### Recorded information:

__________________________________________________

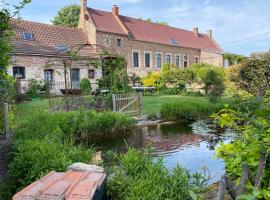 Gite Perle de l'Ecaillon – tani hotel w mieście Vendegies-sur-Écaillon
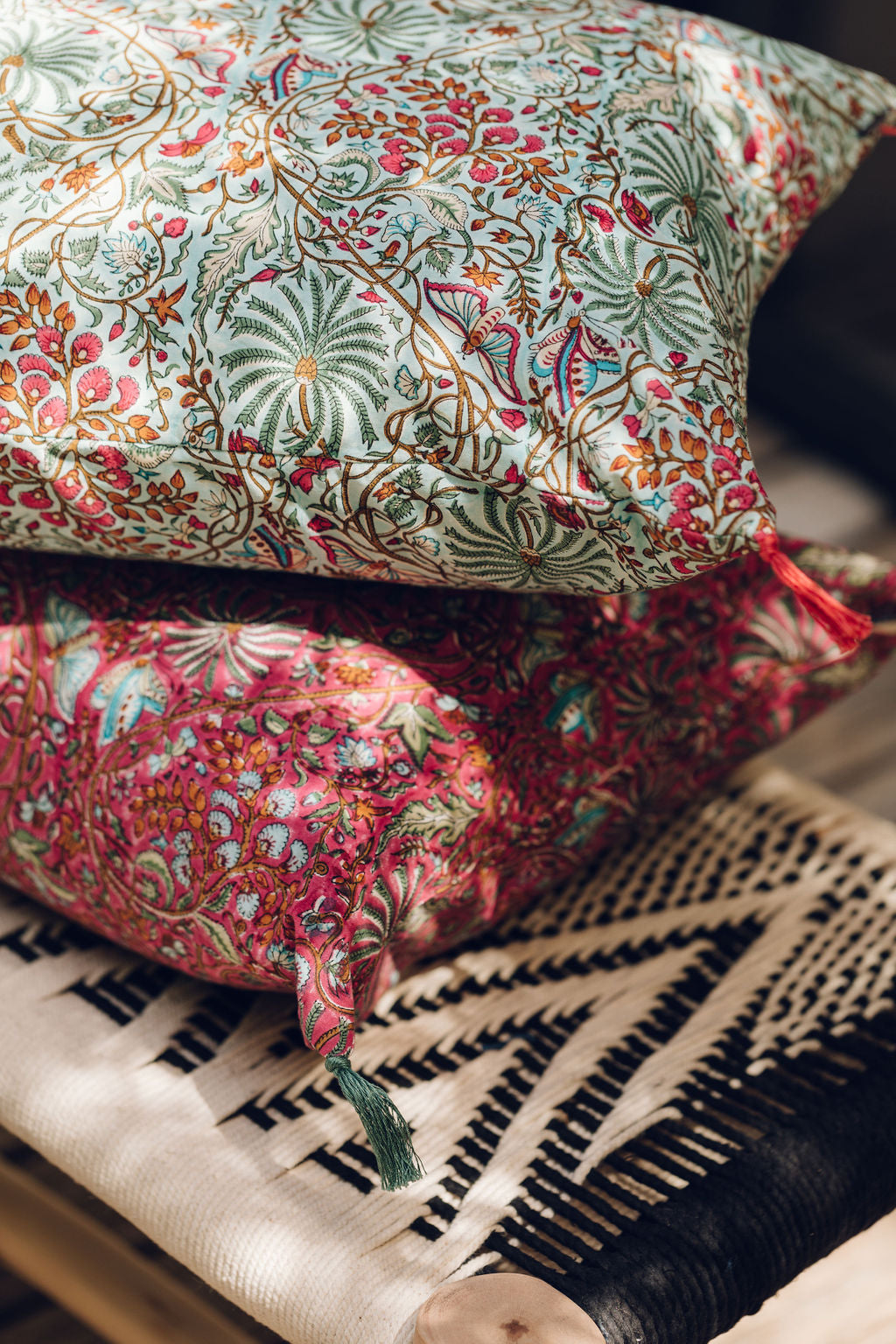 Papilio cushion cover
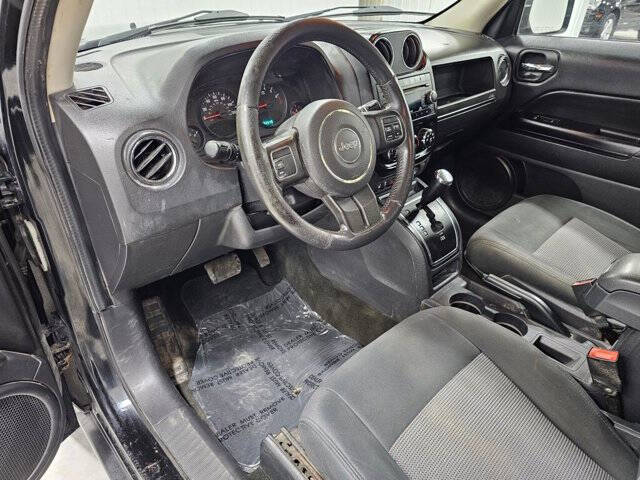 2013 Jeep Patriot Latitude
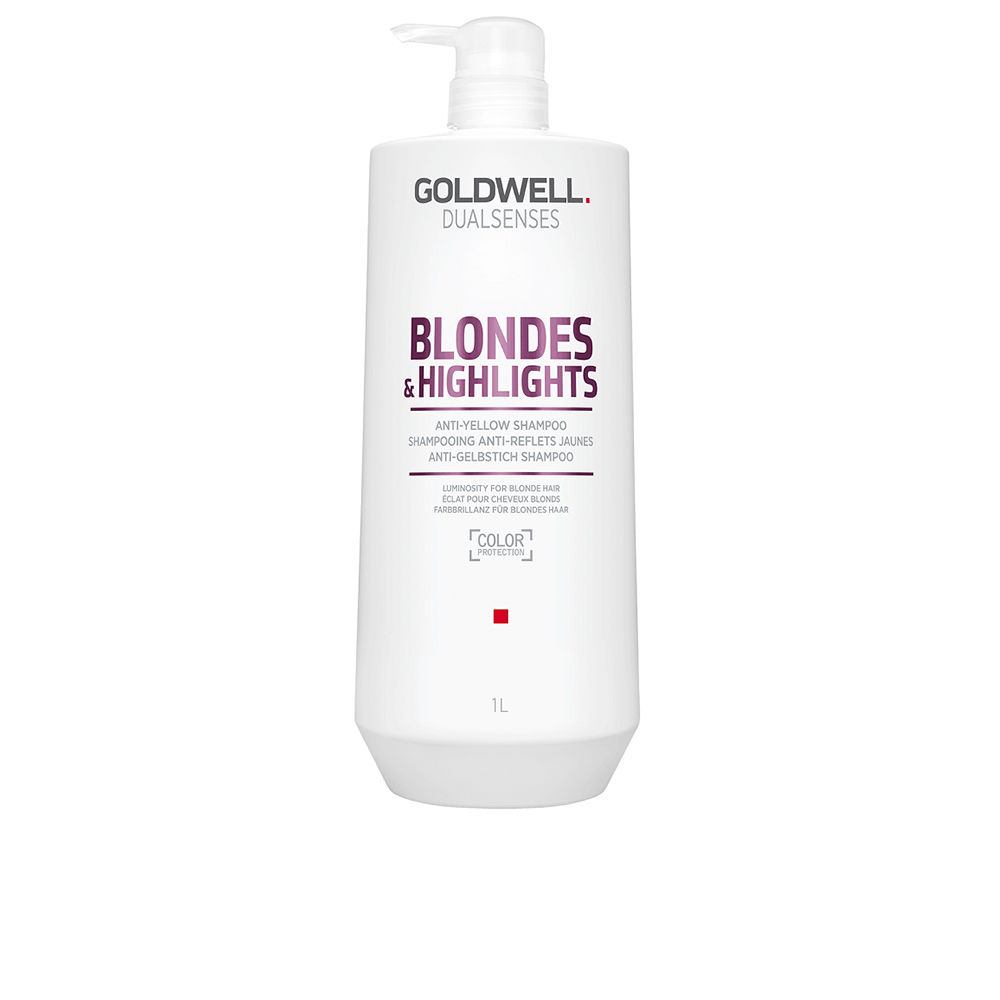 BLONDES & HIGHLIGHTS anti-yellow shampoo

__________________________________________________

### Work to be completed:
Return an exact copy of the data above, apart from any pictures.

### Result below:
 Gite Perle de l'Ecaillon – tani hotel w mieście Vendegies-sur-Écaillon
 Papilio cushion cover
 2013 Jeep Patriot Latitude
 BLONDES & HIGHLIGHTS anti-yellow shampoo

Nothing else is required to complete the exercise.